The simple, undeniable truth is that neo-liberal economics has been a dismal failure, except of course for a wealthy minority.
As I’ve said several times recently, it’s amazing how people get all panicky and obsessive about wage inflation (especially in the context of the minimum wage). The truth is that unions have been regulated to within an inch of their lives and with only 20% penetration in the NZ workforce it is risible to suggest that unreasonable wage demands have anything to do with inflation.
Yet at the same time massive asset price inflation, driven by a very lightly regulated finance sector was allowed to run unchecked for almost a decade… and few people seem to notice the disconnect. The underlying reason is simple and deep rooted… it’s all about class.
New Zealand now has the sixth highest GINI score of the OECD nations; According to the OECD, New Zealand had the biggest rise in inequality among member nations in the two decades starting in the mid-1980s.. That’s actually rather appalling.
Now while I still regard the Clark/Cullen govt with respect, in all fairness they really only managed to slow the neo-liberal rot, not reverse it. Several forces were at work against real change. Clark and Cullen, for all their genuine beliefs, are fundamentally conservative people, it was easier for them to take a stand on social/moral issues than attack the well funded and powerful capitalist elites.
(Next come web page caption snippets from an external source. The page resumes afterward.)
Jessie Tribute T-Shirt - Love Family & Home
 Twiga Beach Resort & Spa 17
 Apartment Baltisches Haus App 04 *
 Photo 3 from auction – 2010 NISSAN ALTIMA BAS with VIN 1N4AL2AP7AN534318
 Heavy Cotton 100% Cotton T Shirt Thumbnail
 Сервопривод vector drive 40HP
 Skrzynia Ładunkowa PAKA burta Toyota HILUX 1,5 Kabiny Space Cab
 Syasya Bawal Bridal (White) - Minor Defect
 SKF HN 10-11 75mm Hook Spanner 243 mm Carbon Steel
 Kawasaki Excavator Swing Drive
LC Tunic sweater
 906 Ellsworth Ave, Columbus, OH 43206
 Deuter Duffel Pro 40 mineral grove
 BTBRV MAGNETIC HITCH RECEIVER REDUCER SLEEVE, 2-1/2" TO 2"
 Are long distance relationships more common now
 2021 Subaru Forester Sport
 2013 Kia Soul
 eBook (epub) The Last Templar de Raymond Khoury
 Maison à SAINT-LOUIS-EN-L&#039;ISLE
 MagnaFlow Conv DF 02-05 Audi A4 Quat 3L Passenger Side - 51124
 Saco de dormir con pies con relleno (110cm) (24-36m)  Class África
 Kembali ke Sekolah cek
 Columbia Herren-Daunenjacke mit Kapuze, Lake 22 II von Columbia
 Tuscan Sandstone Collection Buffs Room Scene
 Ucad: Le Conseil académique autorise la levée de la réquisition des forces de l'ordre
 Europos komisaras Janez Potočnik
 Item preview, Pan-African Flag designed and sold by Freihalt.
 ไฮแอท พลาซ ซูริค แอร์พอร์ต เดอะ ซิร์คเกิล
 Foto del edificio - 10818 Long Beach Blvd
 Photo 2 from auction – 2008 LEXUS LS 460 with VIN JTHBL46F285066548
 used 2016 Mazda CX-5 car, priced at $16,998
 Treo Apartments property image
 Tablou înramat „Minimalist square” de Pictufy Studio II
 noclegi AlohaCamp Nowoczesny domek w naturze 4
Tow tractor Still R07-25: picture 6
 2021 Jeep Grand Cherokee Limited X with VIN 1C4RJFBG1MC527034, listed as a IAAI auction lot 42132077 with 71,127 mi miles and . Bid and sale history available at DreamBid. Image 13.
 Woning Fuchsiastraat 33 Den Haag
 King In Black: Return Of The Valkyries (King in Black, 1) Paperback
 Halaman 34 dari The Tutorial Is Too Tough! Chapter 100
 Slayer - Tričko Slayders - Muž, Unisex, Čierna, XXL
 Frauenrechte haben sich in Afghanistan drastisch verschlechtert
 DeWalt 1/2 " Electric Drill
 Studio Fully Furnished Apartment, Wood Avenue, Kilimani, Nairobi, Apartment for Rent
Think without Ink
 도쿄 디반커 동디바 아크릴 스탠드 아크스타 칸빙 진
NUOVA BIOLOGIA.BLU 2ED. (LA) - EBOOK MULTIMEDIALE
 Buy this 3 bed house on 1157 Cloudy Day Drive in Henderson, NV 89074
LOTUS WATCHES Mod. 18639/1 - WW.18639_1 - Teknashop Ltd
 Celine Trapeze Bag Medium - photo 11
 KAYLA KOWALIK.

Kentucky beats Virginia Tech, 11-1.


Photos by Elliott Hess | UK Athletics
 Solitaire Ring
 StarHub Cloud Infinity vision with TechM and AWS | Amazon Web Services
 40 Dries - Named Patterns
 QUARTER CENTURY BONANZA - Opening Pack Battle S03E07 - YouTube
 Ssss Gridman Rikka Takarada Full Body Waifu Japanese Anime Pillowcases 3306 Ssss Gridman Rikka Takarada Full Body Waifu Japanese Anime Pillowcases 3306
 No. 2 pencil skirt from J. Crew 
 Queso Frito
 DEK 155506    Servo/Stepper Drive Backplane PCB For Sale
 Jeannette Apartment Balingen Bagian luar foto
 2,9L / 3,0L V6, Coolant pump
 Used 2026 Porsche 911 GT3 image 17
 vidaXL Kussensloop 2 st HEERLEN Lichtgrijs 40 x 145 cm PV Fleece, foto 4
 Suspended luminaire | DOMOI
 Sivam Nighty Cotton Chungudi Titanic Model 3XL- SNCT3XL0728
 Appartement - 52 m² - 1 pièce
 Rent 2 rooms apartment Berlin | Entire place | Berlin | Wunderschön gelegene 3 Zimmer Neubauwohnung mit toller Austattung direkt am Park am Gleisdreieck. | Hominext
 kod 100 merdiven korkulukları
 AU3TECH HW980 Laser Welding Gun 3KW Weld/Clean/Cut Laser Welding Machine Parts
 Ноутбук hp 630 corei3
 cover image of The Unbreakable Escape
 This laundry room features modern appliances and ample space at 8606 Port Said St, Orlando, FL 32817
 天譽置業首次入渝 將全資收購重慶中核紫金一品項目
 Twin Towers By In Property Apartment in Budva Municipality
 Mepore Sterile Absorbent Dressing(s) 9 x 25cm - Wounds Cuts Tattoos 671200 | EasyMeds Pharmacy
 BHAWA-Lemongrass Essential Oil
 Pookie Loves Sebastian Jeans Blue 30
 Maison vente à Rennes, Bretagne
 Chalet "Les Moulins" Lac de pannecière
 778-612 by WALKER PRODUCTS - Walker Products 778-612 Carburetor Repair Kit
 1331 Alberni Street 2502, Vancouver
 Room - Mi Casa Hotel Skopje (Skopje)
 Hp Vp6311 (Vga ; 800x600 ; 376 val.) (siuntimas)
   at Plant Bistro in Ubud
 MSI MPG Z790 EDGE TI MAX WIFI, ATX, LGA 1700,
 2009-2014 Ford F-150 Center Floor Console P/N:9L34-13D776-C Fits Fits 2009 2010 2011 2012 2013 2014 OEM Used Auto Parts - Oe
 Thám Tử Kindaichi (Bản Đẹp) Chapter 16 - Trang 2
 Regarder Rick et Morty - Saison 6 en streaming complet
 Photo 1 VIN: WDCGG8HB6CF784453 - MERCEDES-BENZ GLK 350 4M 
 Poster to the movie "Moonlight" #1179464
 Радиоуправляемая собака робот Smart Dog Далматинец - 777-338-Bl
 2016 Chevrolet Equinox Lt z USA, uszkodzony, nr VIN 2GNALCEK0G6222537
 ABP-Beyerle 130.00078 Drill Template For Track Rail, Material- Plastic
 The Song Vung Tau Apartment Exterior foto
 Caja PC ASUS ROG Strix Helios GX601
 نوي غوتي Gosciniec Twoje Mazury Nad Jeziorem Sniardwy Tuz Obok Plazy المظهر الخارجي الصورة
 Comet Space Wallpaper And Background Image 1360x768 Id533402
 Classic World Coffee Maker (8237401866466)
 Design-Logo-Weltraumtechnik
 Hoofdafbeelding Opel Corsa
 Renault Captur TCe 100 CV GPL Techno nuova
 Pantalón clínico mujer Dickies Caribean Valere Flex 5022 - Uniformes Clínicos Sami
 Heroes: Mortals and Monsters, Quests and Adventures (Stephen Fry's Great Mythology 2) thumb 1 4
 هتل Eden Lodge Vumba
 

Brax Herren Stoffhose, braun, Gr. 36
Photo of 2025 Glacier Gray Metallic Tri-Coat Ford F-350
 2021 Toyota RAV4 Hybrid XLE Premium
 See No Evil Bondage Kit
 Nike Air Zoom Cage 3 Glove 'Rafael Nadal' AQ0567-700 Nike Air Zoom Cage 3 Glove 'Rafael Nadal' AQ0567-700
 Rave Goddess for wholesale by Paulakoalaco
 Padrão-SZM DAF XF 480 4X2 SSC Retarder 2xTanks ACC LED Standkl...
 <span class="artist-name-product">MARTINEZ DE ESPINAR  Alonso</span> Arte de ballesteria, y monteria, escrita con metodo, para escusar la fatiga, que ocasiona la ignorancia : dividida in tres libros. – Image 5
As Muldoon Bismark once said, “politics is the art of the possible” and for the modern Labour Party, that was always going to be a battle too far. Moreover New Zealand, like much of the rest of the western world has been captured by the cult of the individual; we’ve had our faith in the unifying power of the collective systematically undermined and eroded for decades.
For all the real and valued social gains that the left has made in the last 30 years, the moral foundations of the movement have been hollowed out and economic injustice has risen unchecked. The numbers that Matt quotes (and similar that MartyG has repeatedly shown here on The Standard) demonstrate the depth of the failure. The very first Labour Party meetings were held in Baptist Church halls, and for decades simple Christian notions, such as ‘I am my brother’s keeper’, and the parable of the Good Samaritan, were the glue that held the movement together and drove it forward. The power of that understanding now seems lost to us.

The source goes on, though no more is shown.